The study’s econometric analysis section estimates volatility in the Turkish economy using effective exchange rate data for the period of 2003-2022. The volatility of many financial time series, including exchange rates, is not constant over time, and recent studies have revealed variance as a measure of volatility to not be constant. As such traditional time series models that accept variance as constant are understood to be insufficient for modeling volatility.
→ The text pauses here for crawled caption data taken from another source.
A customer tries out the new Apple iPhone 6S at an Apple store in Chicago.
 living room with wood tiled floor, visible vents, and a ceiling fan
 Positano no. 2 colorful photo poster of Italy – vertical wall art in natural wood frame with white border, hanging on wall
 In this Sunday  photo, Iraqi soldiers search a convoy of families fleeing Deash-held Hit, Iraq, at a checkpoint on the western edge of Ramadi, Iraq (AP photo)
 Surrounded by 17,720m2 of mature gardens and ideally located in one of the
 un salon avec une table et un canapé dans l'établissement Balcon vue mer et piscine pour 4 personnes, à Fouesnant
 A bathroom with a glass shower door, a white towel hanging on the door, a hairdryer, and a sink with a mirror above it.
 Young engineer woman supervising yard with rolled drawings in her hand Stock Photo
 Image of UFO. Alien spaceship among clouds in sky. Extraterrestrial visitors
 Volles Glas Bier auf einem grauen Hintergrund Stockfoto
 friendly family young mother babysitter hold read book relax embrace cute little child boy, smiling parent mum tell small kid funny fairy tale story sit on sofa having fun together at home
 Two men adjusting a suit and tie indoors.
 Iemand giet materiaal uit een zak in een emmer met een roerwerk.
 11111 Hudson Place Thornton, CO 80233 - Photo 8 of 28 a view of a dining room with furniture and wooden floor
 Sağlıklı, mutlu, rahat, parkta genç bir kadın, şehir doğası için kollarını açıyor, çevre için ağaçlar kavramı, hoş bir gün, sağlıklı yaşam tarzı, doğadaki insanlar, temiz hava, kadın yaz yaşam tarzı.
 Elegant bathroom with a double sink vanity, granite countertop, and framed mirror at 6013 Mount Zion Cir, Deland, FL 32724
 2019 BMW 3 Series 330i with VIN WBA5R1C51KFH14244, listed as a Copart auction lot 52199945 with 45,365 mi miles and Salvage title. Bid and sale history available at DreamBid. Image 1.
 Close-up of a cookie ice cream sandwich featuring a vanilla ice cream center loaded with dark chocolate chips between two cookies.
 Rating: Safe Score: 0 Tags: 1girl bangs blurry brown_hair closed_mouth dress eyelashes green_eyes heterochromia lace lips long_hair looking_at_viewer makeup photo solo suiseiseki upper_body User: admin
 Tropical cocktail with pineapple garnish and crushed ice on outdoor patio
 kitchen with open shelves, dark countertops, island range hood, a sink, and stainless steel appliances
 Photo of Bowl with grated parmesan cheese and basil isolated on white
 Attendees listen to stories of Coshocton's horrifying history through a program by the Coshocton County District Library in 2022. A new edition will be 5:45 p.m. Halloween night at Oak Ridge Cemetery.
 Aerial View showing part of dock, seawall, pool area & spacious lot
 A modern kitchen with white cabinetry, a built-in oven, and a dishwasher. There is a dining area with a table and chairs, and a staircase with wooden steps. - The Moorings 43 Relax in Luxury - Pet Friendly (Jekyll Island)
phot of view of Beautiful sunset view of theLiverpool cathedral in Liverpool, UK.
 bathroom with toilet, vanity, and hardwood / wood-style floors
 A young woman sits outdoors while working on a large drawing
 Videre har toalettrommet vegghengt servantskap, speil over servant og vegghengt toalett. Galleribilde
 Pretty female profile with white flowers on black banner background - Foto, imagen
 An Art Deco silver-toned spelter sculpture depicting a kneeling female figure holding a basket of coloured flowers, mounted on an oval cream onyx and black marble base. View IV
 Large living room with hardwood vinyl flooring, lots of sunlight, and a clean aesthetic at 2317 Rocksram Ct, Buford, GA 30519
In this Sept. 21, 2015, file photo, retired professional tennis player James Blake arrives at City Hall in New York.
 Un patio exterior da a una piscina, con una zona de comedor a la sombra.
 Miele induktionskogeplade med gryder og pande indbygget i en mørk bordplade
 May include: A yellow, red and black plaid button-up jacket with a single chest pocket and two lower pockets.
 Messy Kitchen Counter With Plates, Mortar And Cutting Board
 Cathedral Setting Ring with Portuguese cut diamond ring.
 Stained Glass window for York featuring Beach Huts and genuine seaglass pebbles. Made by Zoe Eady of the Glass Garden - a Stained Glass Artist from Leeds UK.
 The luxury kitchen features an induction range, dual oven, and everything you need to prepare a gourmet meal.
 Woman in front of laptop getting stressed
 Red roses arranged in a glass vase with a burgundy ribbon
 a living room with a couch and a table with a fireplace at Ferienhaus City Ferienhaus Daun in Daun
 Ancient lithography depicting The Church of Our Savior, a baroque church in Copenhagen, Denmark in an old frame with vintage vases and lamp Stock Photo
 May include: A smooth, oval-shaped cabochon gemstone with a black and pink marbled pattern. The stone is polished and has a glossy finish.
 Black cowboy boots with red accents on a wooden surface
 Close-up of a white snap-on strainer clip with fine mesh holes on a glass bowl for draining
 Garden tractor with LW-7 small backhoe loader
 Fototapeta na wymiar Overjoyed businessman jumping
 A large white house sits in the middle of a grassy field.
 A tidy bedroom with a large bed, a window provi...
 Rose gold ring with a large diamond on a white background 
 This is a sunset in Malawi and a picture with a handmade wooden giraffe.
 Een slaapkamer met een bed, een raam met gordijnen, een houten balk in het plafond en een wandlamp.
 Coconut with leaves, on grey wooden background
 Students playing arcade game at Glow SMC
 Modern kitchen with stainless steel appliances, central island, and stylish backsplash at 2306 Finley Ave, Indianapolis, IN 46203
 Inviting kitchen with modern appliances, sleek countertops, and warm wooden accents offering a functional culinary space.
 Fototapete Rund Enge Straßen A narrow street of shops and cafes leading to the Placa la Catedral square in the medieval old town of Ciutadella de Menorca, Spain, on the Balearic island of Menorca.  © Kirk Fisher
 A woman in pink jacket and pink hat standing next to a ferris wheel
In this framework, the study will develop modeling techniques such as autoregressive conditional heteroscedasticity (ARCH) and generalized ARCH (GARCH) models that are based on the assumption of changing variance and that are suitable for the dynamic structure of financial markets. The ARCH and GARCH models allow volatility to change over time and have been widely used for modeling exchange rate volatility. To estimate exchange rate volatility, the study will first ensure the stationarity of the series, then it will apply the ARCH Lagrange multiplier (ARCH-LM) model to determine whether the variance in the error terms is constant. The study then examines the stationarity of the effective exchange rate series together with the autocorrelation function and the cartesian graph; it then performs the unit root test, with any non-stationary series at that level being made stationary by taking the difference. The study determined the most suitable autoregressive integrated moving average (ARIMA) model as a result of the partial and autocorrelation functions of the series. The ARCH effect was investigated regarding the error squares of the determined ARIMA model to determine the volatility of the exchange rate series. Finally, as a result of the analysis made for modeling the exchange rate volatilityin Türkiye, the most appropriate model was determined to be the GARCH(1,1) model. In order to determine the reliability of the model, the study re-performed the ARCH-LM, after which the volatility in the model was seen to have disappeared. Accordingly, the
GARCH(1,1) model has been concluded to be a model that eliminates the effects of exchange rate volatility.